**Exercise description:** The answer must be an exact copy of the lines from the one containing "日蓮聖人座像 総白檀 金泥書 細密彫刻 日蓮宗 仏像 仏教美術 未使用保管品" through the last line of the records, with no pictures.

**Records supplied:**
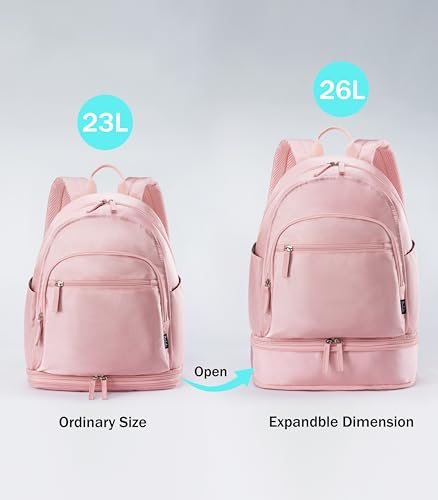 Uselike Gym Backpack for Women Men, Lightweight Gym Bag with Shoe Compartment, Waterproof Workout Backpack with Wet Pocket - color: Pink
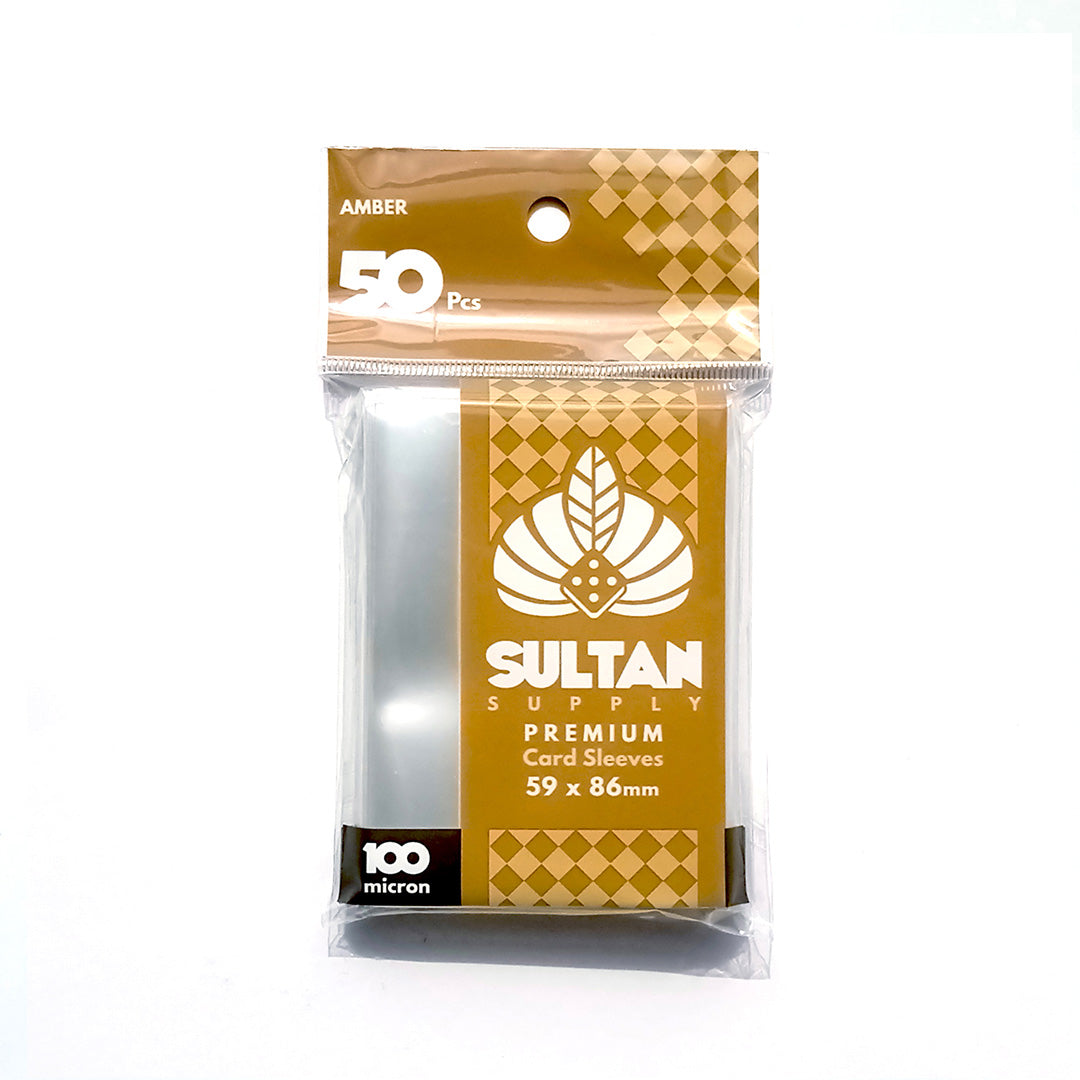 Sultan 100 micron 62mm x 89mm Small BG Sleeve Amber (50pcs/pack)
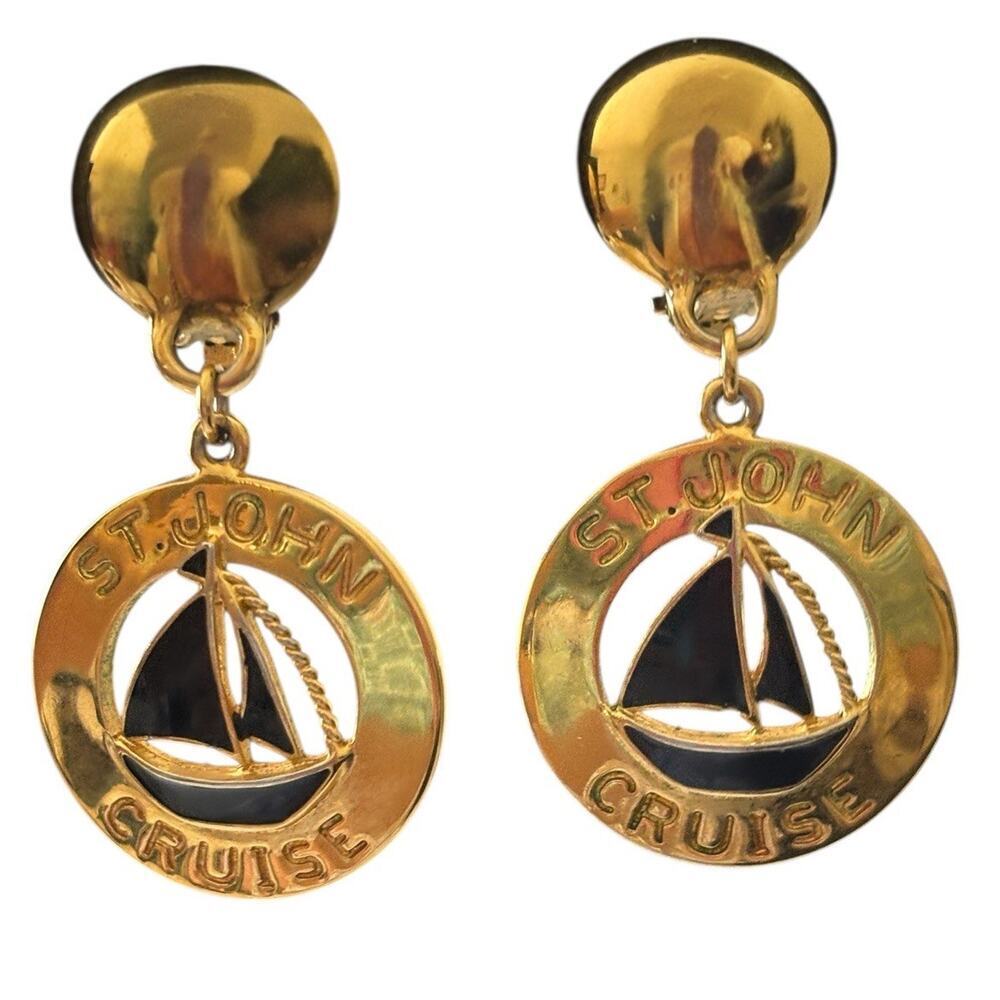 St John Earrings Cruise Nautical Spell Out Clip On Black Enamel Gold Vintage - Picture 4 of 7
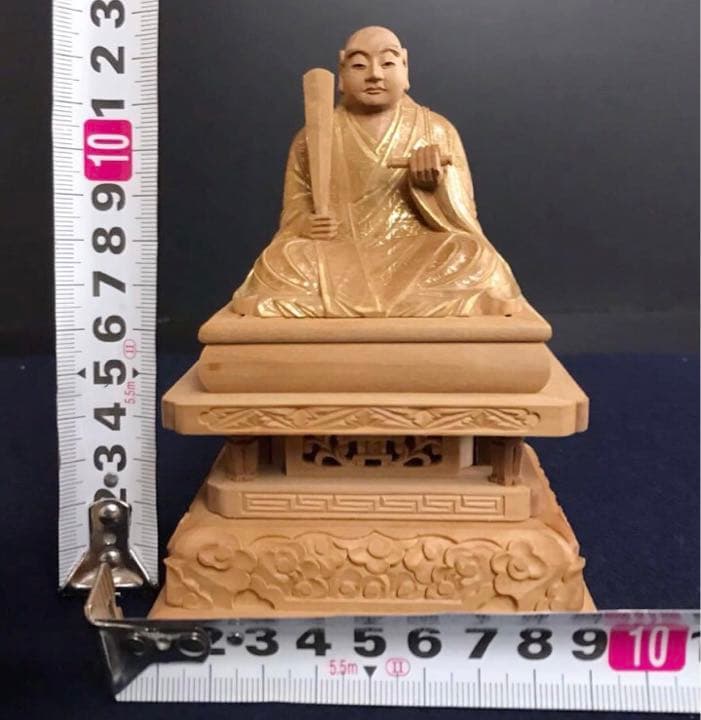 日蓮聖人座像 総白檀 金泥書 細密彫刻 日蓮宗 仏像 仏教美術 未使用保管品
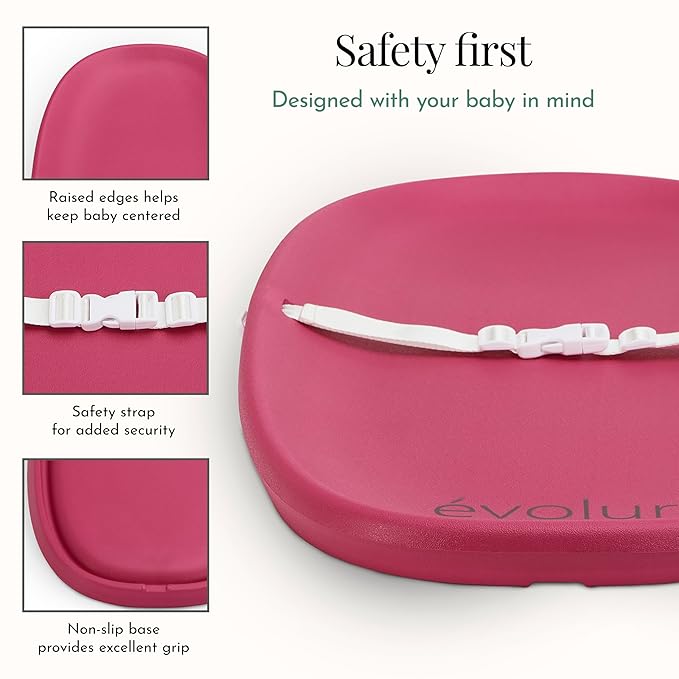 évolur Eva Baby Changing Pad, Soft, Lightweight and Portable Changing Pad, Fits All Changing Table, Waterproof Firm Padding - Fuschia Pink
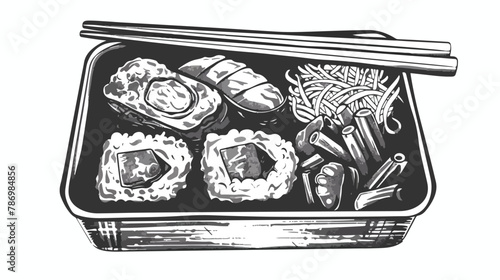 Hand drawn bento box. Japanese lunch box. Four traditi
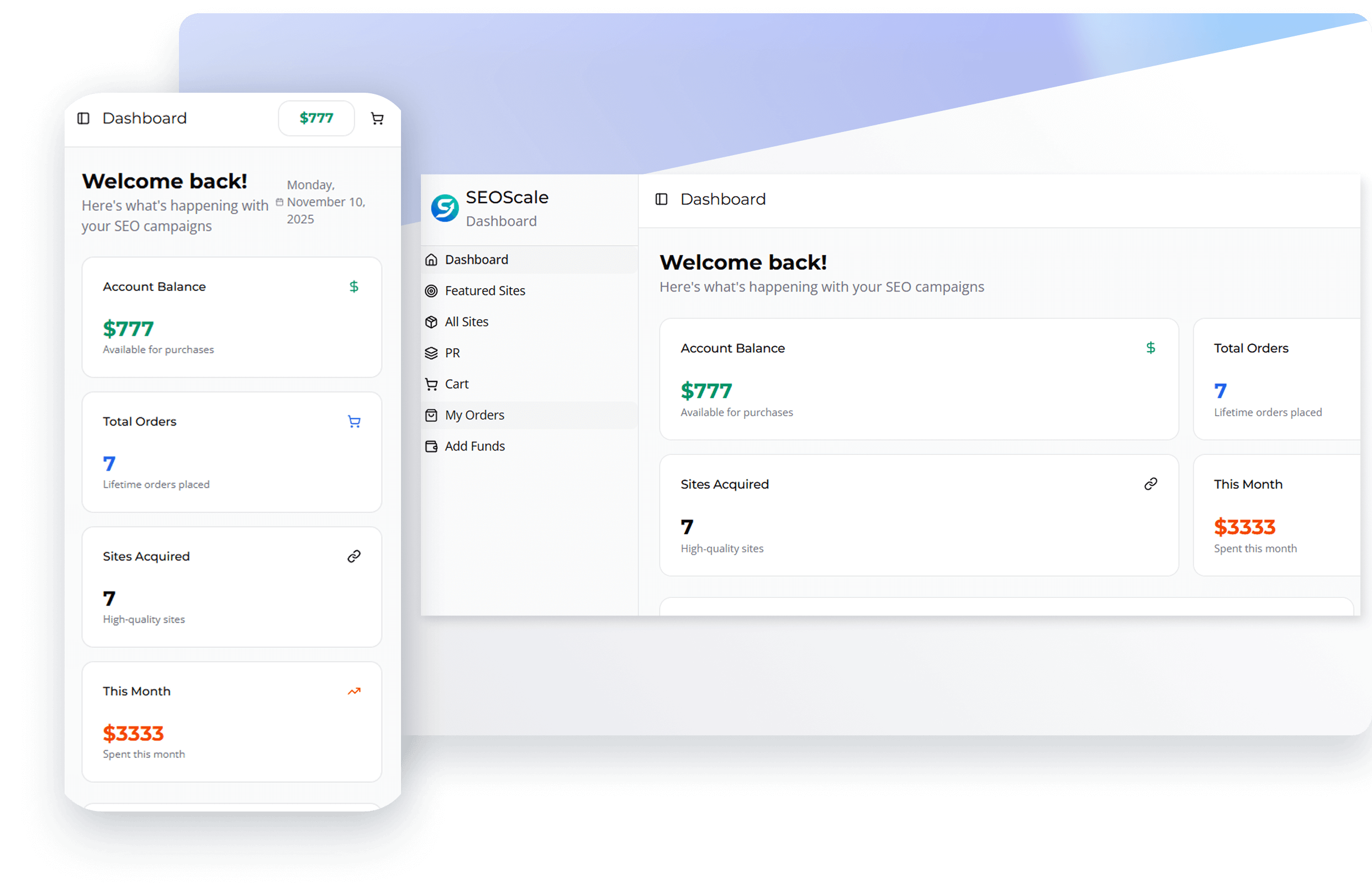 SEOScale dashboard (Device and Mobile)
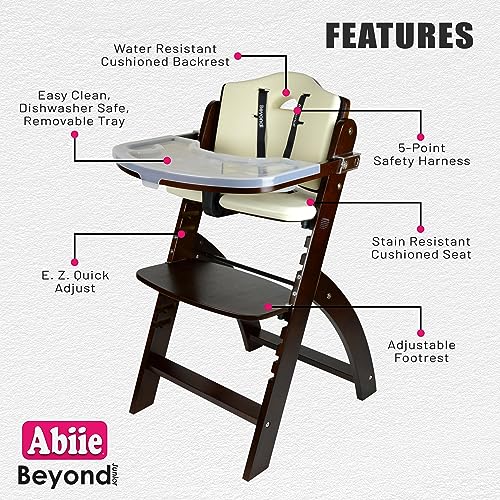 Convertible Wooden High Chair For Babies And Toddlers With Removable Tray And 3 In 1 Adjustability And Portable Design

**Solution for this problem:**
 日蓮聖人座像 総白檀 金泥書 細密彫刻 日蓮宗 仏像 仏教美術 未使用保管品
 évolur Eva Baby Changing Pad, Soft, Lightweight and Portable Changing Pad, Fits All Changing Table, Waterproof Firm Padding - Fuschia Pink
 Hand drawn bento box. Japanese lunch box. Four traditi
 SEOScale dashboard (Device and Mobile)
 Convertible Wooden High Chair For Babies And Toddlers With Removable Tray And 3 In 1 Adjustability And Portable Design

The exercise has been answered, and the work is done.